Ancient Human DNA Provides ‘Quantum Leap’ in Understanding Modern Disease

New research published this week in the journal Nature has uncovered important new insights into the genetic origins of multiple sclerosis (MS), showing how variants that may have initially evolved to fight ancient viral infections ended up predisposing some modern populations to the autoimmune disease.

Analyzing DNA from more than 500 ancient human remains across Europe and Central Asia spanning the last 35,000 years, an international team of scientists found evidence that current genetic risk factors for MS appeared in populations descended from Steppe pastoralists who lived about 5,800 years ago. These nomadic horseback riders from the Yamnaya culture likely picked up the disease variants from even earlier hunter-gatherers and farmers as they migrated west into Europe.

“This study provides a quantum leap in our understanding of MS genetics,” said senior study author Johannes Krause of the Max Planck Institute for Evolutionary Anthropology. “For the first time, we can connect the dots from modern risk variants to their origins thousands of years ago and begin to grasp the evolutionary forces that have shaped one of the most common neurological disorders.”

Ancient Adaptations Lead to Modern Susceptibility

The research team, including scientists from Cambridge University, Massachusetts General Hospital, and the Broad Institute of MIT and Harvard, reconstructed the largest genomic transect of Eurasian history to date. By comparing the genomes of these ancient individuals to those of nearly half a million modern people, they could precisely track changes in MS risk variants over time.

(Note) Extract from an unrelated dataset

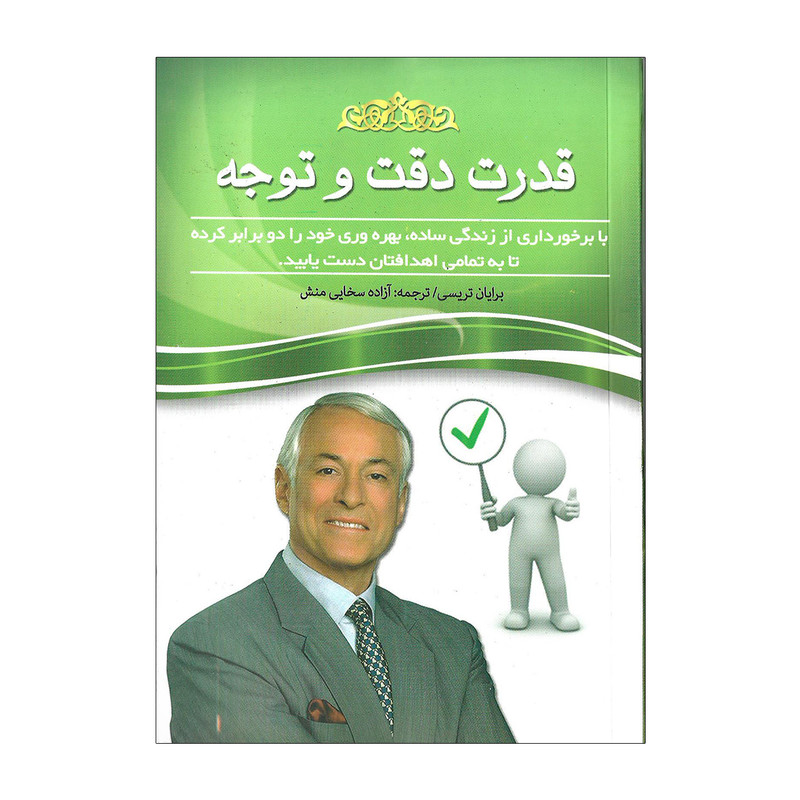 کتاب قدرت دقت و توجه اثر برایان تریسی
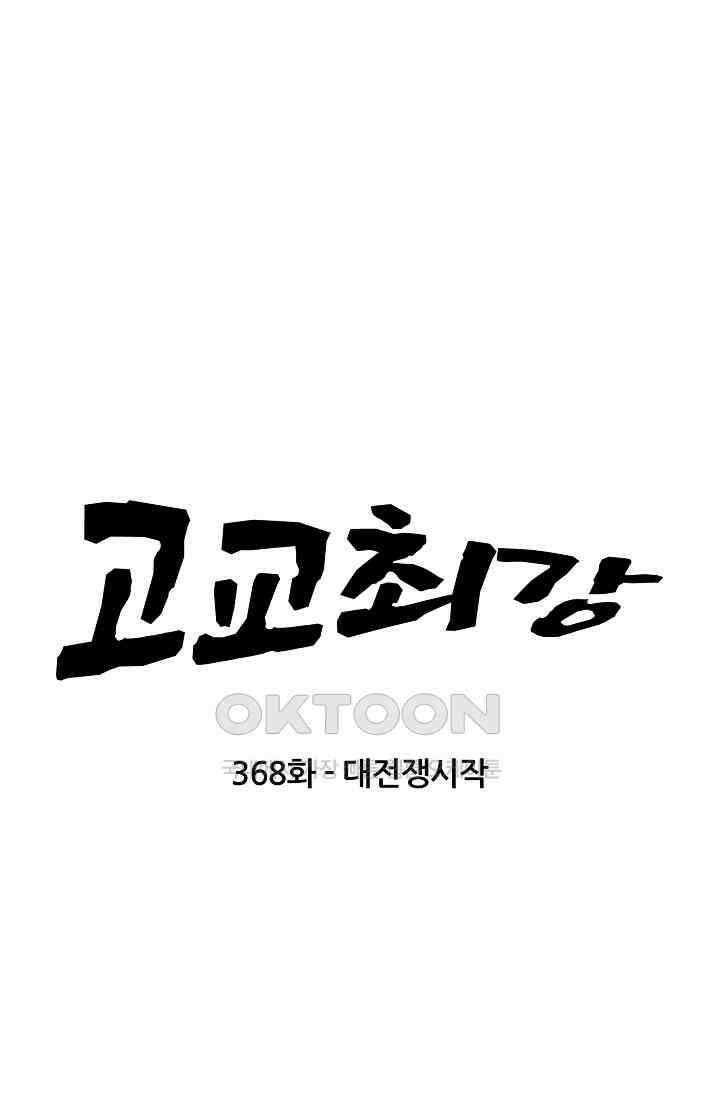 고교최강 368화 7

They found that three major variants emerged in a population known as Eastern Hunter Gatherers about 35,000 years ago, likely as an adaptation to fight off infections from ancient retroviruses or herpesviruses. These protective variants were then passed down and also picked up by early European Farmers migrating from Anatolia beginning 8,500 years ago.

| Origin of Key MS Risk Variants |
|—|
| 35,000 years ago | Appear in Eastern Hunter Gatherers as adaptation against viral infections |
| 8,500 years ago | Variants spread to early European Farmers migrating from Anatolia |
| 5,800 years ago | Further spread through Yamnaya Steppe pastoralists |

When the Yamnaya swept westward into Europe about 5,800 years ago, they carried these risk factors with them. The genes continued spreading among descendant Northern European populations over subsequent millennia to the point where they now explain why MS rates are up to 3 times higher among individuals with British, Scandinavian, and other North European ancestry compared to those with Southern European ancestry.

“It is striking how a genetic variant that likely contributed to survival from infections thousands of years ago has now become a major risk factor for MS,” said senior study author David Reich of Harvard Medical School. This illustrates the “flip-side of adaptation,” where genetic variants that were once beneficial become detrimental in different environments over time.

Implications for Prevention and Treatment

Experts say these findings represent an exciting advancement, providing clues about the mechanisms driving MS susceptibility that could open up avenues for treatment and prevention.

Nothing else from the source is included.